Louisiana audit finds $30,000 stolen from narcotics seizure account



(The Center Square) — A narcotics seizure account for the East Baton Rouge District Attorney lost more than $30,000 through fabricated checks last November, according to a recent audit.

The Louisiana Legislative Auditor last week posted a contracted financial audit of the District Attorney for the 19th Judicial District that examined finances and controls for 2022 that revealed a significant finding.

“In November 2022, eleven checks, drawn on the District Attorney’s Narcotics Seizure account, were fabricated using check numbers that had previously been used,” auditors wrote. “The eleven checks that were fabricated totaled $46,081.21, of which one check for $4,999.99 was not allowed to clear the bank, two checks totaling $10,696 were reversed by the bank.”

The result was a net unresolved theft of $30,385.22, which has yet to be recovered.

“The East Baton Rouge Parish Sheriff’s Office completed an investigation that was inconclusive,” auditors wrote. “The District Attorney’s bank sent hold harmless agreements to banks where the remaining checks were negotiated attempting to and requesting that the funds be returned.”

Auditors recommended the district attorney continue to work to recover the funds, and to explore available methods of security with its financial institution.

Management at the district attorney’s office, headed by Hillar Moore, told auditors the office “has pursued and implemented other available methods of security with its financial institution, (i.e., Positive Pay) to address the matter,” according to the report.

“Management will continue to monitor for additional security needs and will continue to take the appropriate measures to address those needs, if any,” management’s response read.

A review of the district attorney’s policies and procedures for budgeting, purchasing, disbursements, receipts and collections, payroll and personnel, contracting, credit cards, travel expenses, debt service, and other matters mostly resulted in no exceptions noted.

The district attorney provided a correction action plan for a few issues with documenting bank reconciliations greater than 12 months old, bonding employees who have access to cash, and non-payroll disbursements.

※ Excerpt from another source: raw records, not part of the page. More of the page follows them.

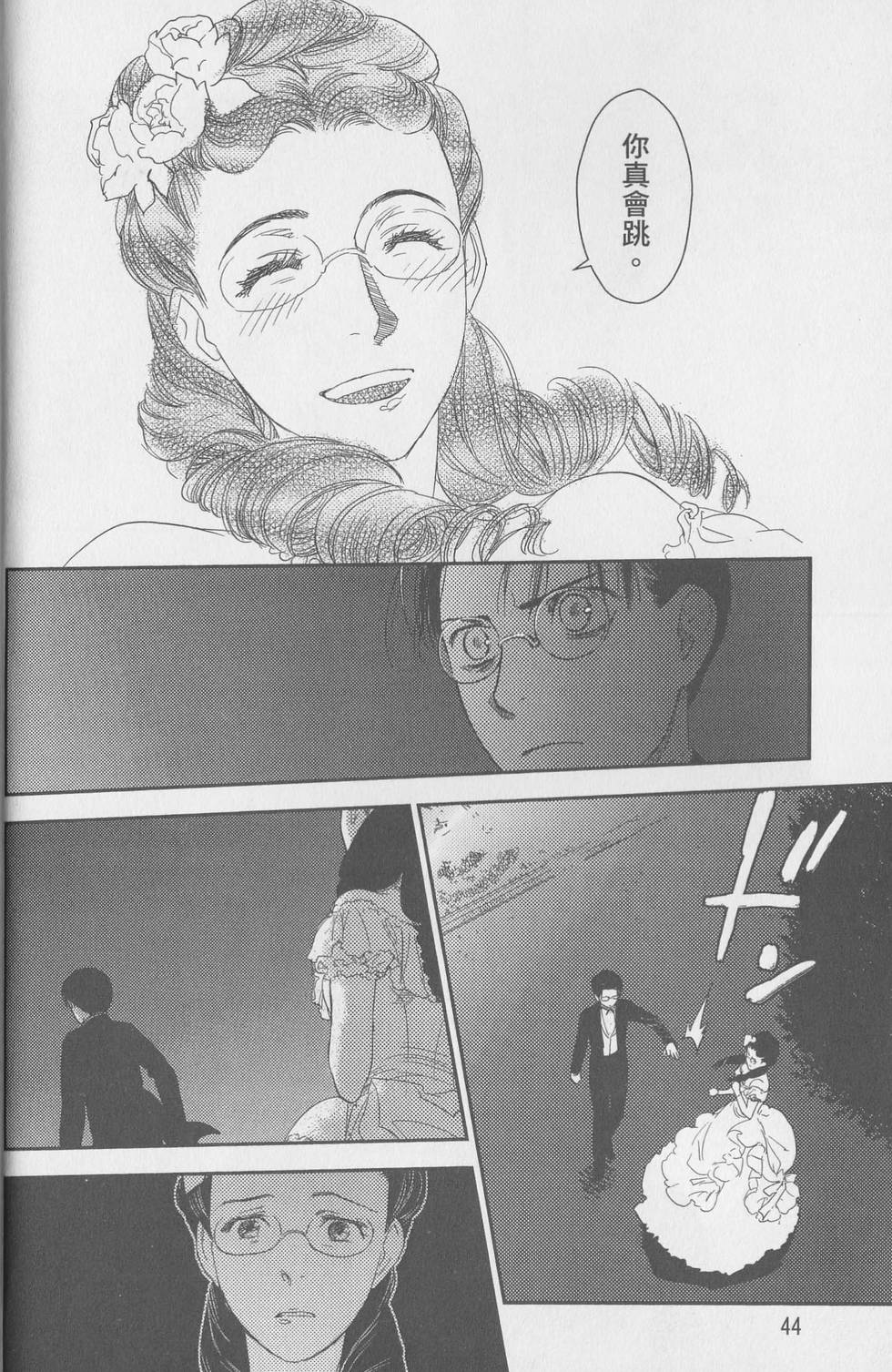 第140页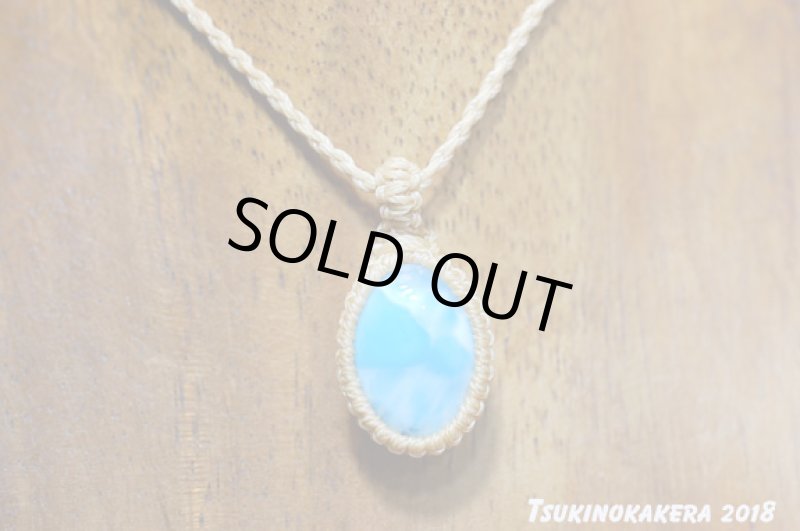 画像4: ☆01/01UP☆ Love & Peace ドミニカの宝石ラリマーが登場!謹賀新年記念すべきスーパームーン:ほんわかラリマー (4)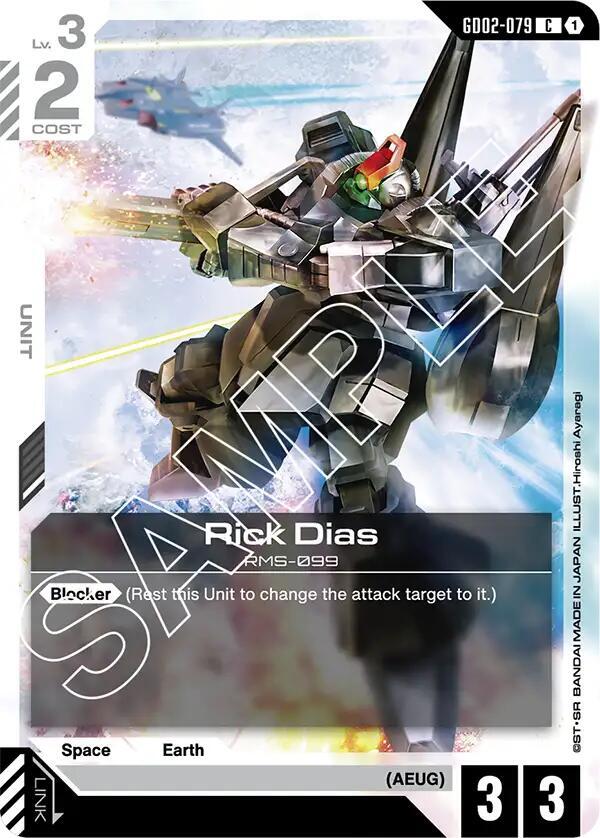 Rick Dias GD02-079 card from Dual Impact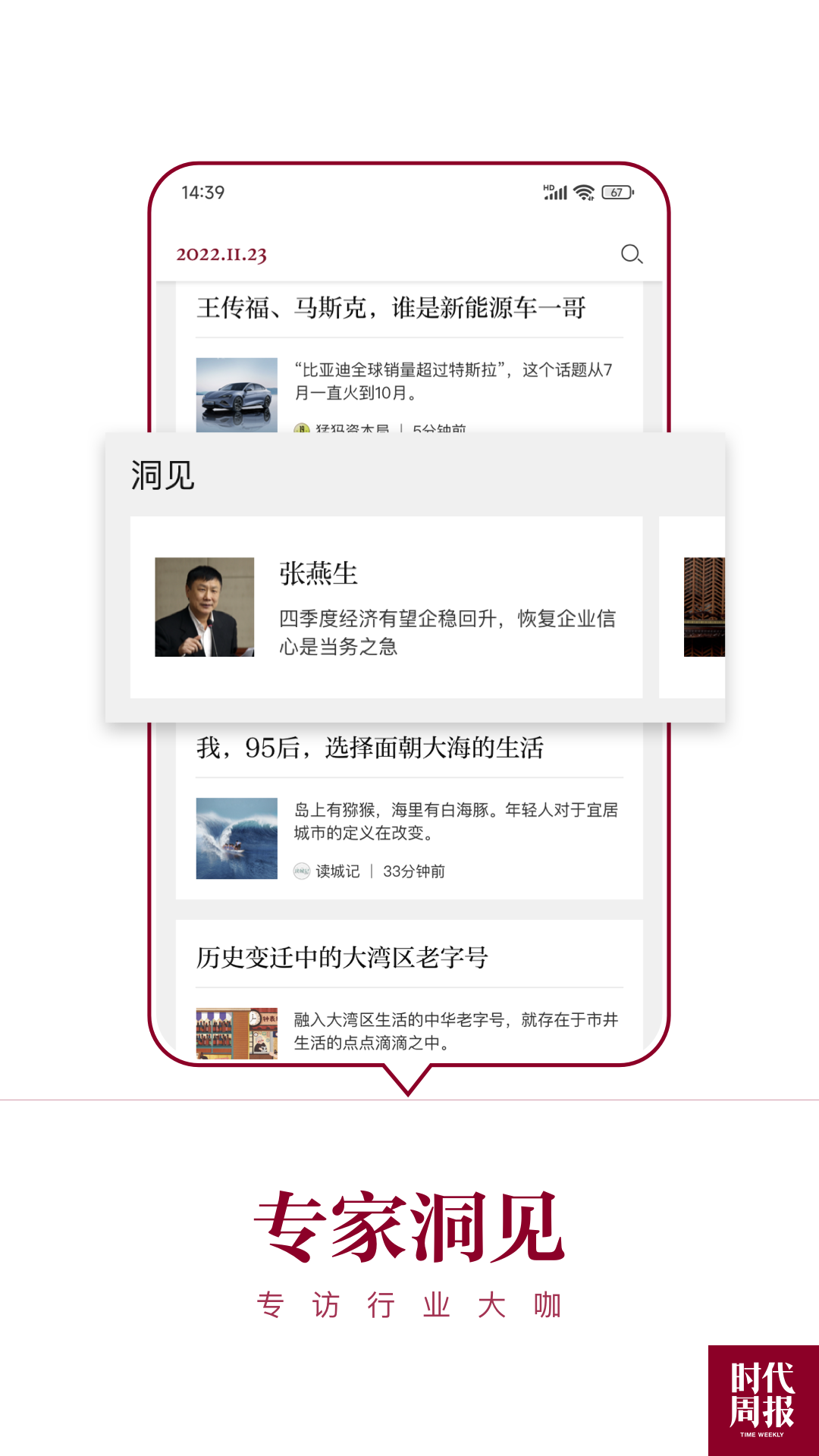精彩截图-时代周报2026官方新版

For bank reconciliations, the district attorney promised to implement new documentation standards by the end of September. The district attorney also adopted policies and procedures to annually assess the volume and risk of employees with access to cash who are not bonded or covered by the office’s insurance policy.

The district attorney adopted similar annual risk assessment policies for non-payroll disbursements and mitigating controls “to determine the need to implement a formal purchase order system and/or shift responsibilities to segregate duties further,” the audit read.